[Start of section]
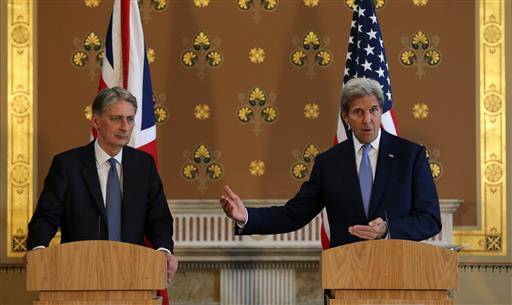 US urges Britain and EU to negotiate divorce amicably 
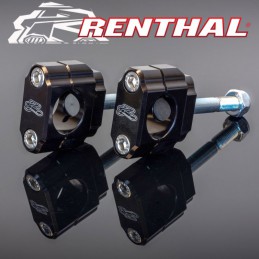 Pontets RENTHAL 28,6mm 450 KXF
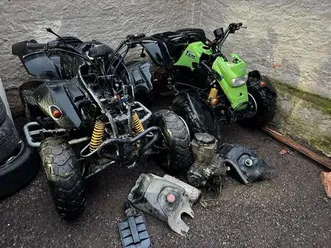 2x smc ram 150 & 200 bastler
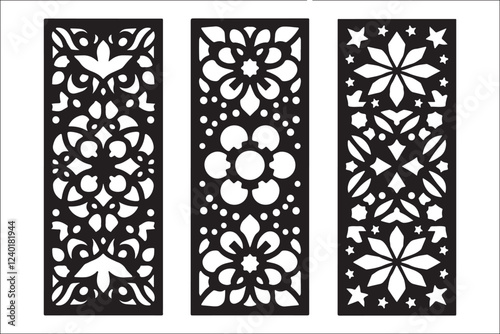 Elegant Decorative Panel 
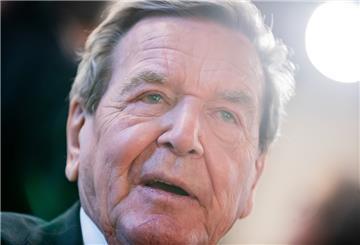 Gerhard Schröder (SPD), Bundeskanzler a.D.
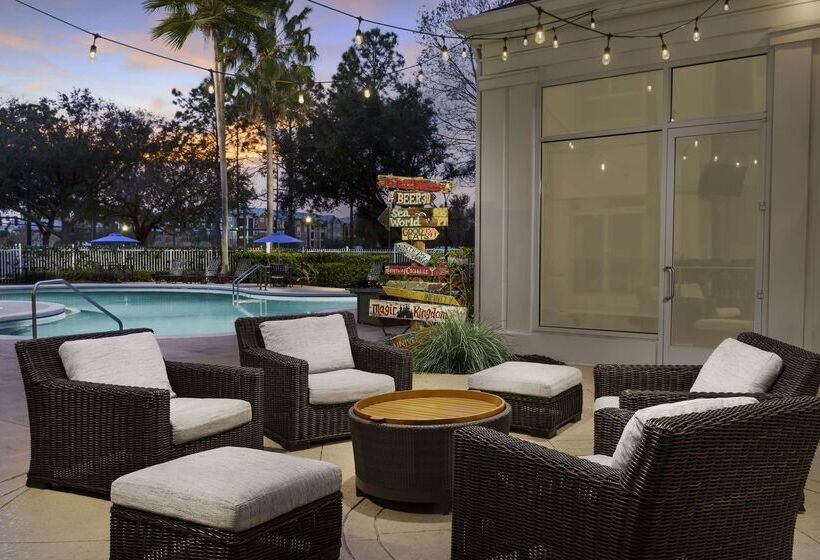 ホテル Hilton Garden Inn Orlando At Seaworld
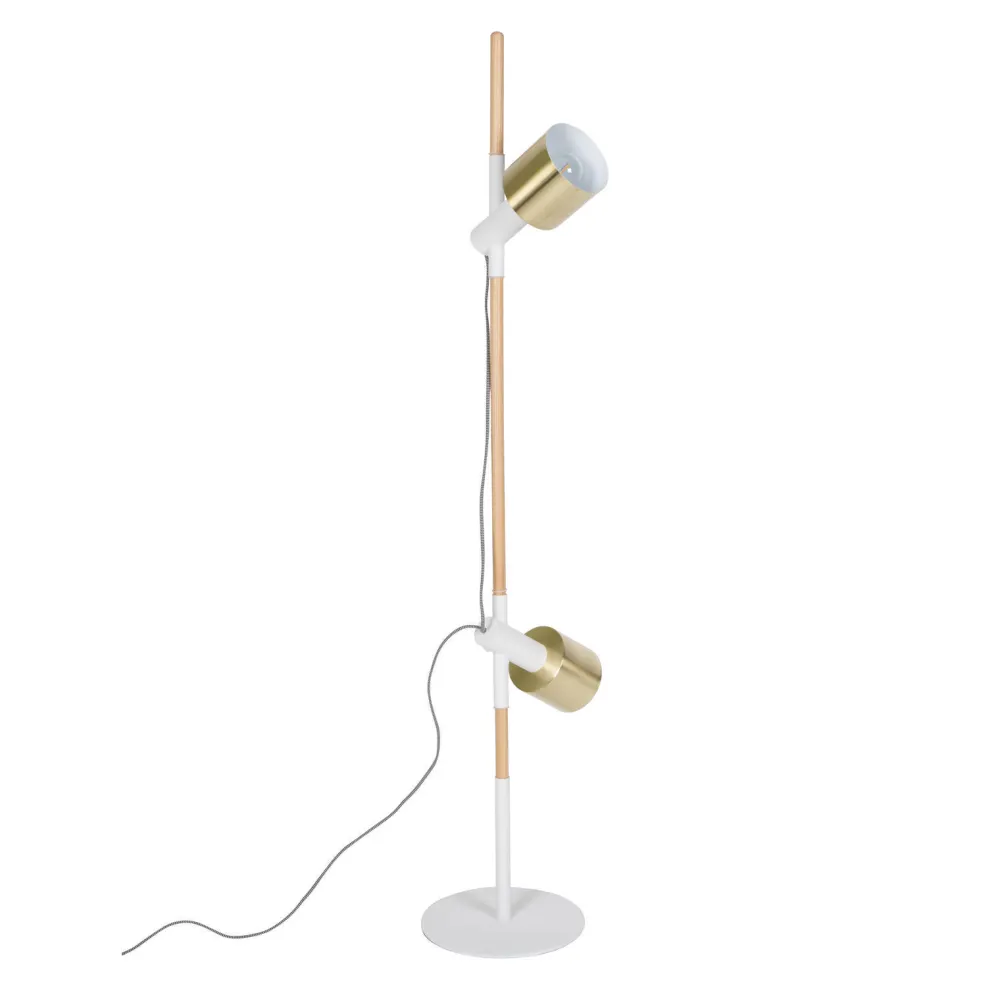 Clearance Zuiver Vloerlamp Ivy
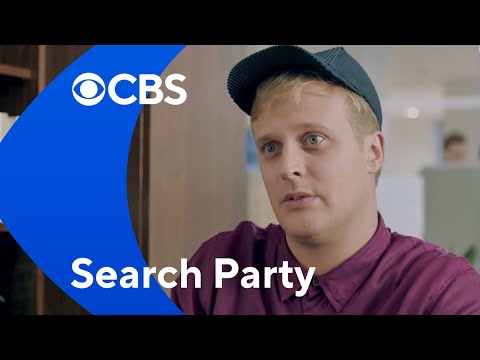 They Took the Whole Book | Search Party | CBS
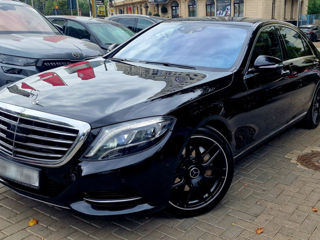 Mercedes S-Class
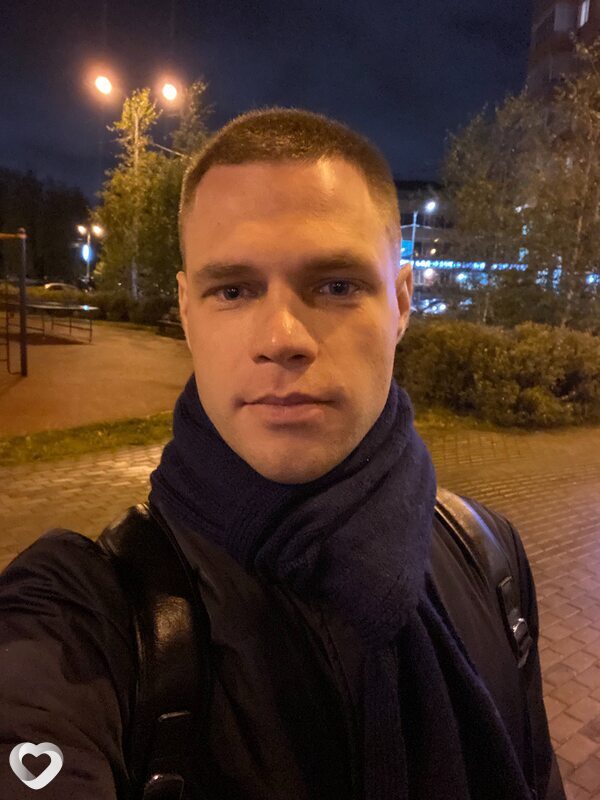 Антон, 37, Москве — анкета №3794262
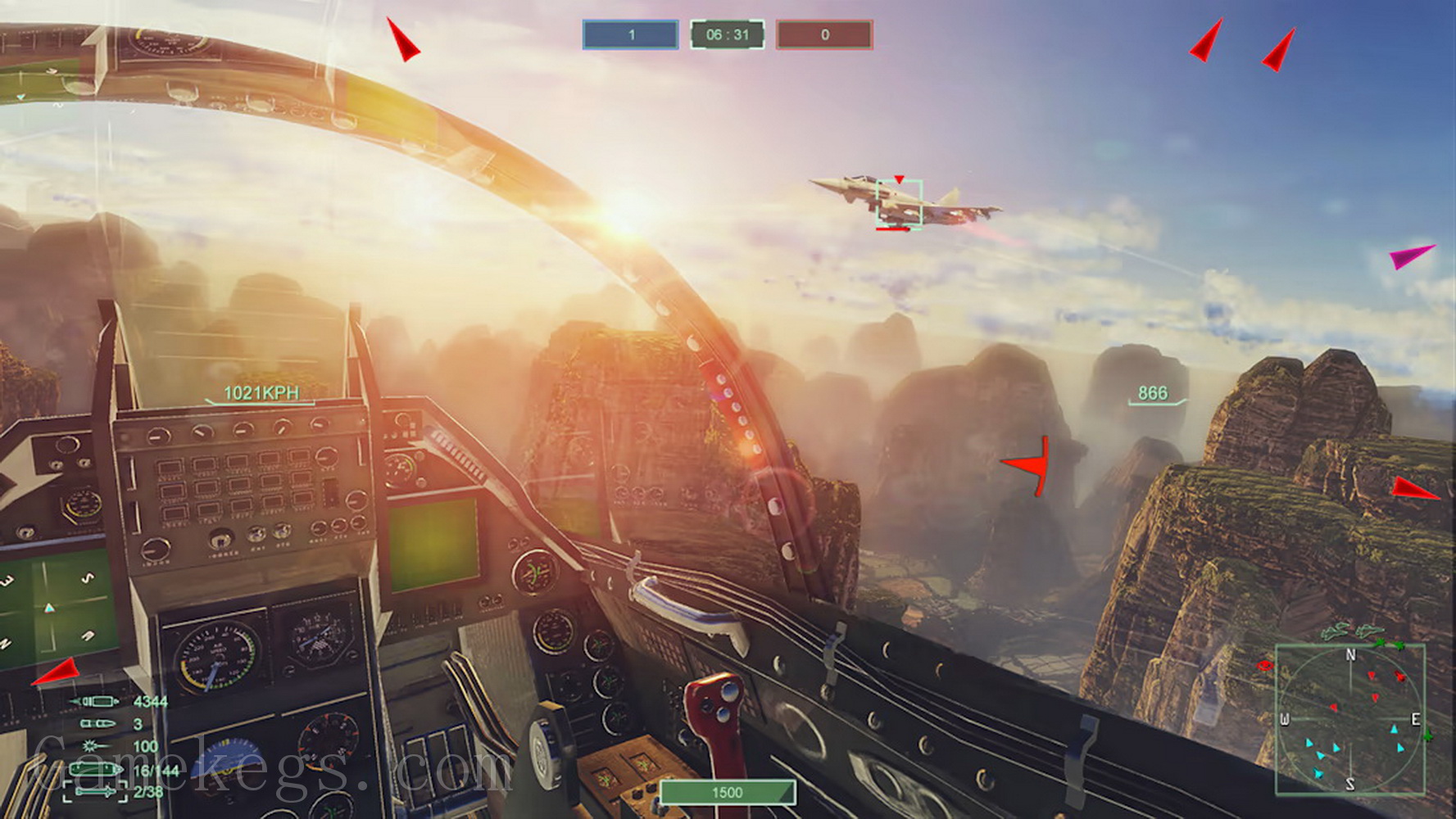 搏击长空：空中霸权2.Sky Gamblers: Air Supremacy 2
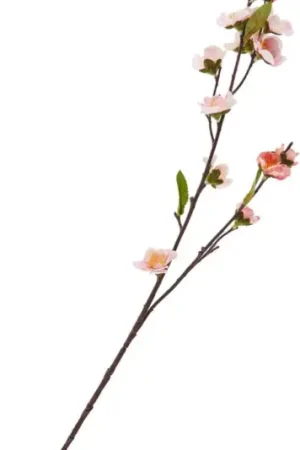 Branche de fleurs de cerisier « Peach » Commander Vite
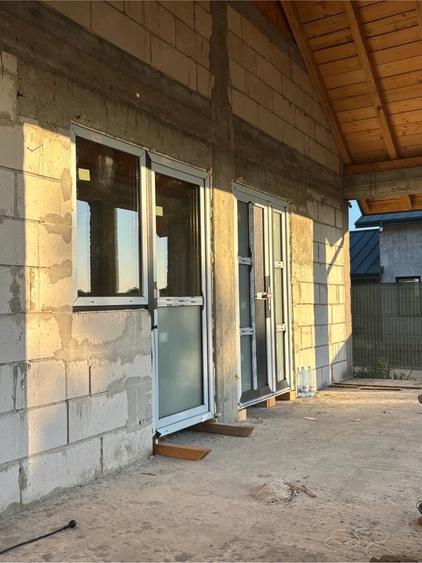 Casă cu 4 camere cu Teren 555 Mp în Petrăchioaia
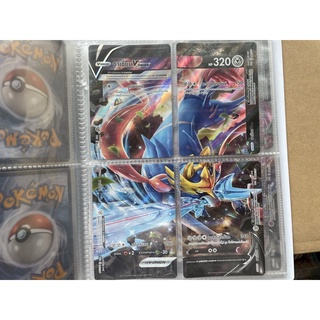 [การ์ดโปเกมอนชุด Climax ] Pokémon Card ซาเซียน V-union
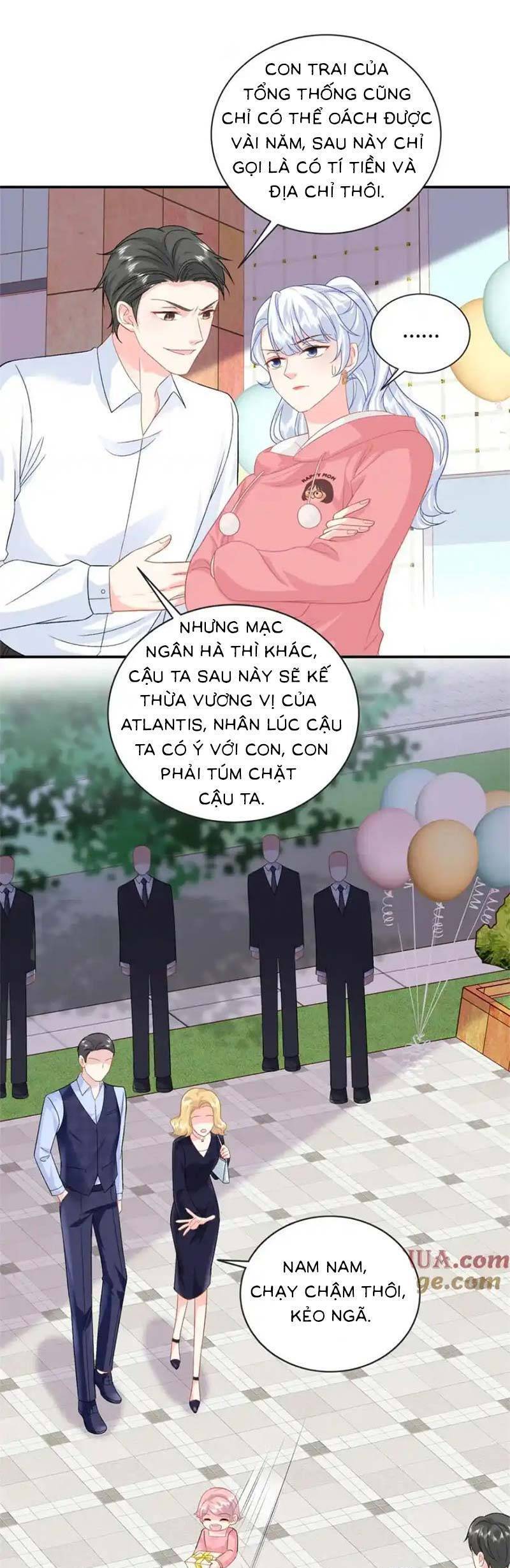 Bé Rồng Đột Kích! Mami Vừa Cay Vừa Độc Chap 52 - Next Chap 53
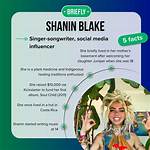 Exploring the Life and Journey of Shanin Blake Leals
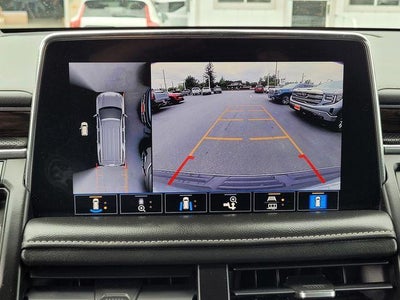 2021 Chevrolet Suburban Premier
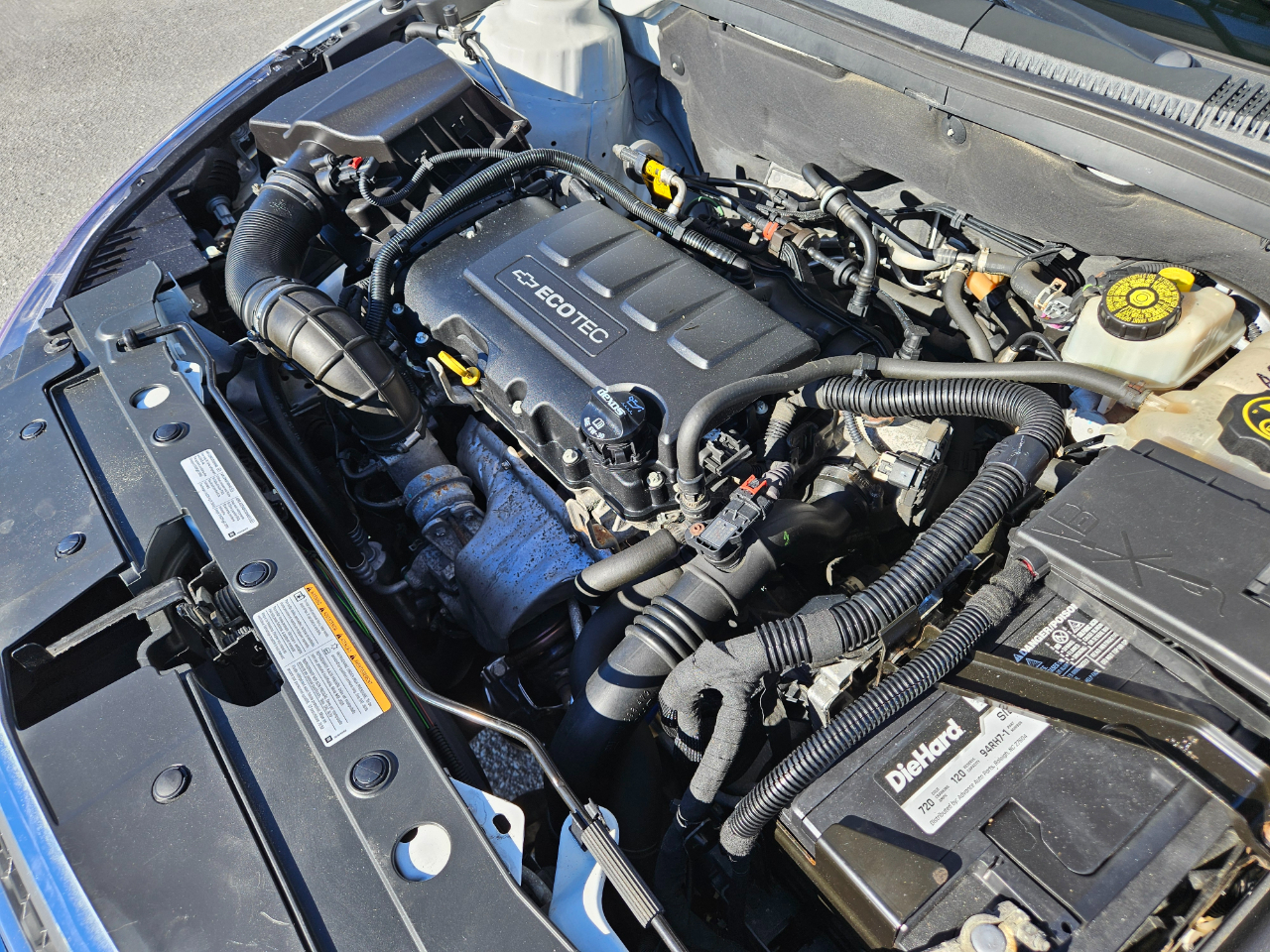 Chevrolet Cruze LTZ Auto 2014 Chevrolet Cruze LTZ Auto 2014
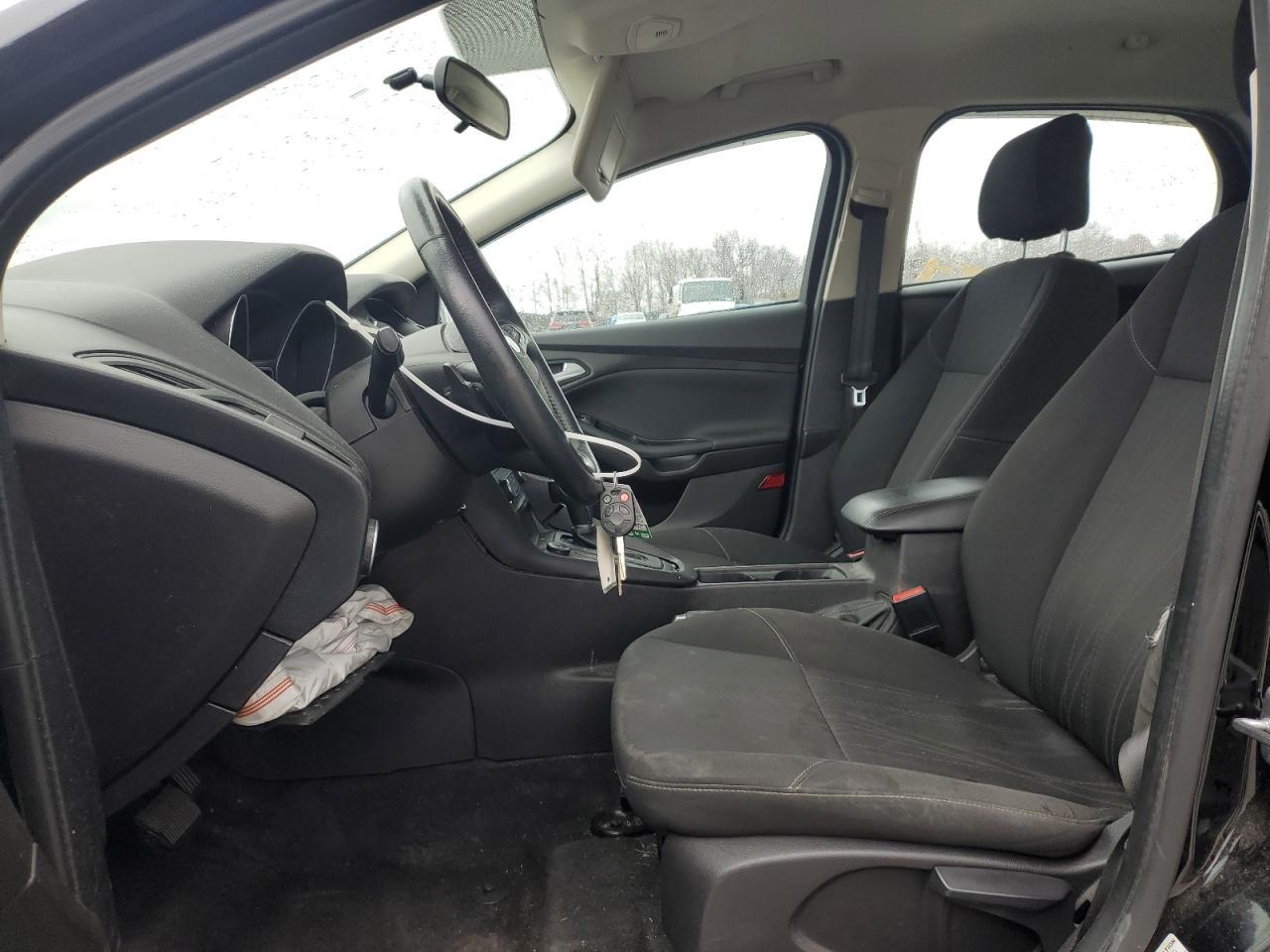 2016 FORD FOCUS SE - Image 7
[End of section]
▶ [TO DO] Begin at the line containing "Casă cu 4 camere" and write out every line to the end of the data exactly. Skip the pictures.

▶ [COMPLETED EXERCISE]
 Casă cu 4 camere cu Teren 555 Mp în Petrăchioaia
 [การ์ดโปเกมอนชุด Climax ] Pokémon Card ซาเซียน V-union
 Bé Rồng Đột Kích! Mami Vừa Cay Vừa Độc Chap 52 - Next Chap 53
 Exploring the Life and Journey of Shanin Blake Leals
 2021 Chevrolet Suburban Premier
 Chevrolet Cruze LTZ Auto 2014 Chevrolet Cruze LTZ Auto 2014
 2016 FORD FOCUS SE - Image 7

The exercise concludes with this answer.